▸ **Data provided**:
*** Block opens ***

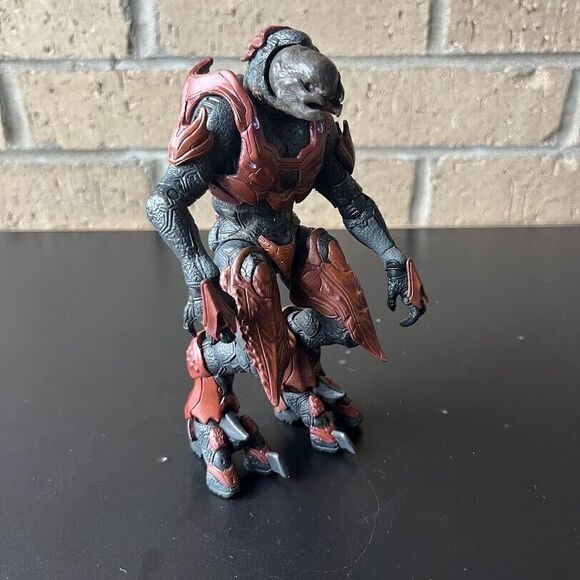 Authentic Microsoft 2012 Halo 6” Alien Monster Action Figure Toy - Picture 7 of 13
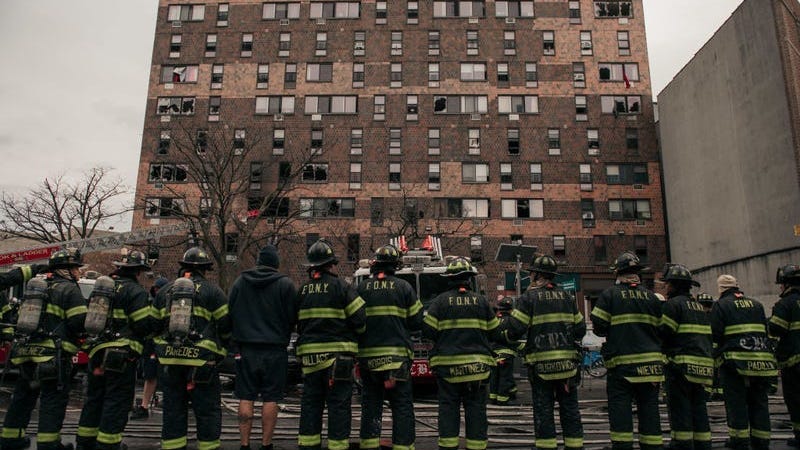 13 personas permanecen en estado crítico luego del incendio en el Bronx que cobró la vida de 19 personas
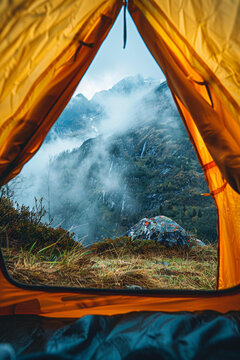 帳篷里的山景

*** Block closes ***

▸ **Exercise goal**:
Repeat every line above exactly, minus the pictures.

▸ **Response to the exercise**:
 Authentic Microsoft 2012 Halo 6” Alien Monster Action Figure Toy - Picture 7 of 13
 13 personas permanecen en estado crítico luego del incendio en el Bronx que cobró la vida de 19 personas
 帳篷里的山景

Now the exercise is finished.